Ainsi donc, acceptons tout cela comme nous acceptons les remèdes qu'Esculape nous ordonne. Bien souvent ses prescriptions nous sont douloureuses ; mais nous les agréons dans l'espérance d'y retrouver la santé, que nous avons perdue. Considère l'accomplissement des décrets de la commune nature et le but auquel ils concourent, à peu près comme tu considères ta propre santé. Aime également tout ce qui t'arrive dans la vie, quelque dure que l'épreuve puisse te paraître, parce que tout cela conduit à un résultat qui est la santé du monde, et que tout cela facilite les voies de Jupiter et l'heureuse exécution de ses desseins. Il n'eût point rendu ce décret pour aucun de nous, si ce décret n'avait point importé à l'ensemble des choses ; car la nature ne fait jamais rien qui s'égare, et qui ne concorde pas avec le plan général qu'elle s'est prescrit.

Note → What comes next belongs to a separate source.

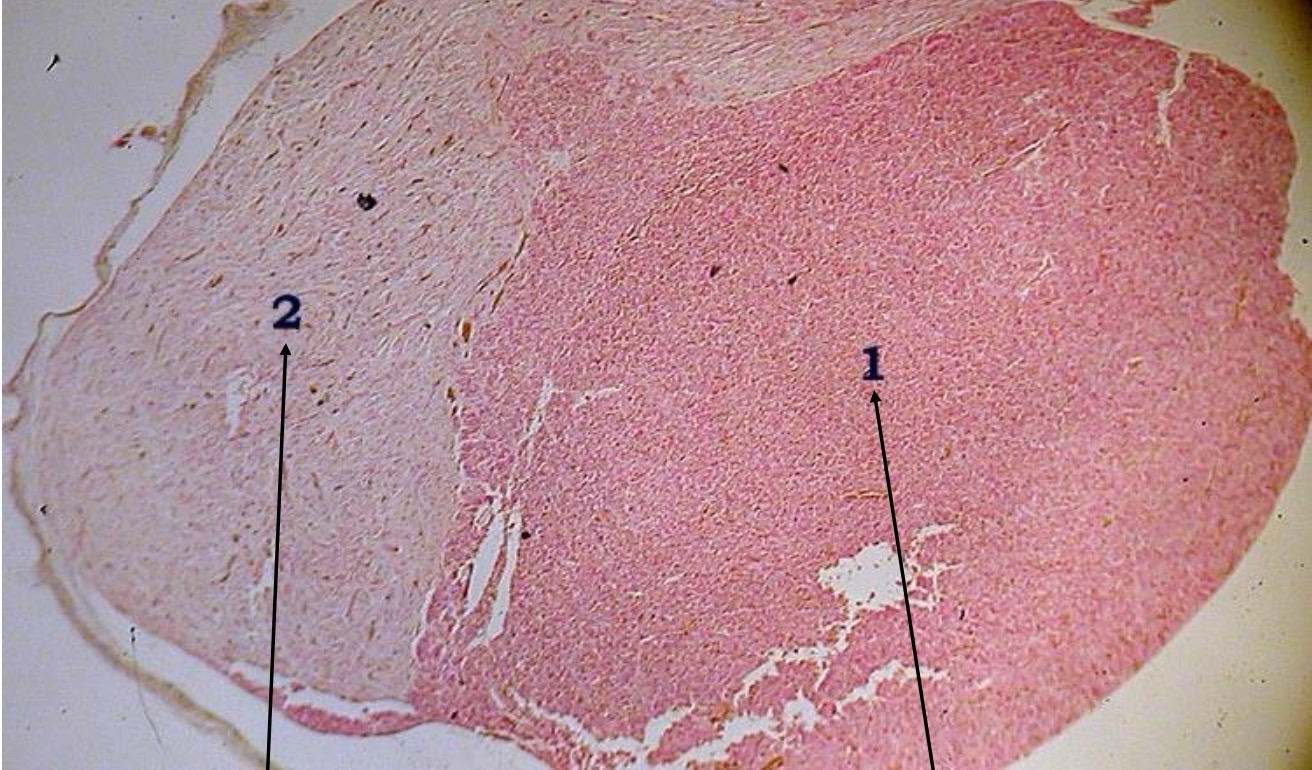<p>2 Name &amp; hormone it secretes</p>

Voilà donc deux raisons pour aimer tout ce qui t'arrive. La première, c'est que la chose a été faite pour toi, que pour toi, spécialement, elle a été disposée dans l'ensemble, et qu'elle a avec toi ces rapports précis, venus de haut et se rattachant, dans la trame universelle, aux causes les plus saintes. La seconde, c'est que, pour Celui qui gouverne l'univers, ce qui arrive à chacun des êtres en particulier concourt au succès de ses démarches, à l'accomplissement de ses décrets et à la durée même des choses. C'est mutiler le tout que de retrancher quoi que ce soit de son enchaînement et de sa continuité, dans les causes qui le forment, aussi bien que dans les parties qui le composent. Or c'est te retrancher toi-même de ce tout, autant qu'il dépend de toi, que de te révolter contre ses lois ; et en quelque façon, c'est le détruire.

Livre VII

56. Il faut vivre, en te conformant à ta nature, ce qui te reste encore de vie, comme si déjà tu étais mort, comme si ta vie ne devait pas dépasser cet instant.

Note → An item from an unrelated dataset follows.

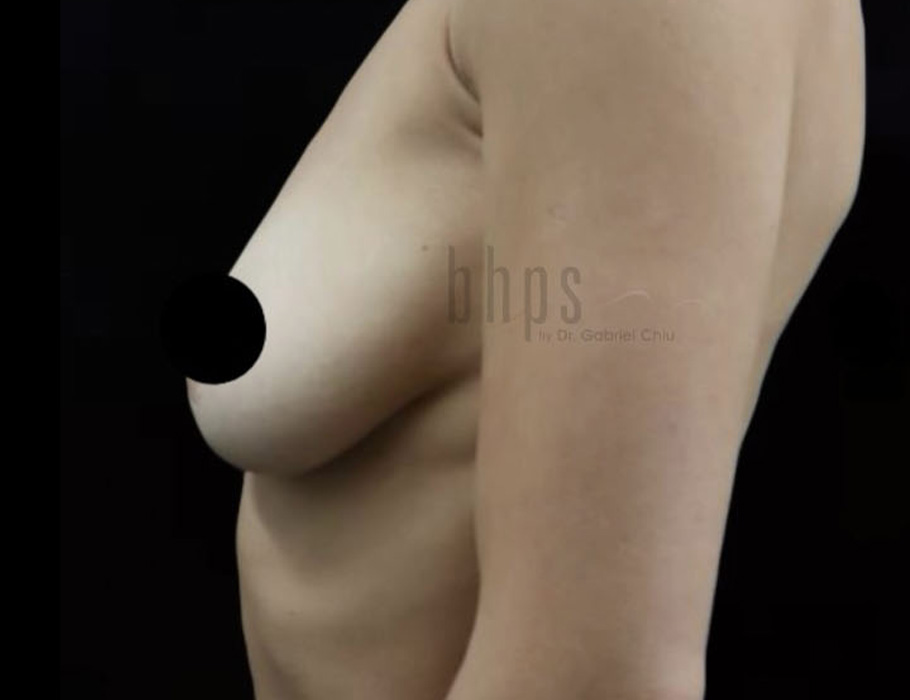 Case--8243 | Before Breast Augmentation 4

57. Aime uniquement ce qui t'arrive, le sort que t'a fait la destinée. Qu'y a-t-il en effet de plus convenable ?

59. Regarde au dedans de toi ; c'est au dedans qu'est la source du bien, laquelle peut s'épancher à jamais, si tu sais à jamais la creuser et l'approfondir.

61. L'art de la vie se rapproche de l'art de la lutte, bien plus que de celui de la danse, puisqu'il y faut toujours être prêt, et inébranlable, à tous les accidents qui peuvent survenir et qu'on ne saurait prévoir.

69. La perfection de la conduite consiste à employer chaque jour que nous vivons comme si c'était le dernier, et à n'avoir jamais ni impatience, ni langueur, ni fausseté.

Livre VIII

59. Les hommes sont faits évidemment les uns pour les autres. Ainsi, éclaire-les, ou sache au moins les supporter.

61. Il faut entrer dans l'esprit des autres, et toujours permettre aux autres d'entrer aussi dans ton esprit.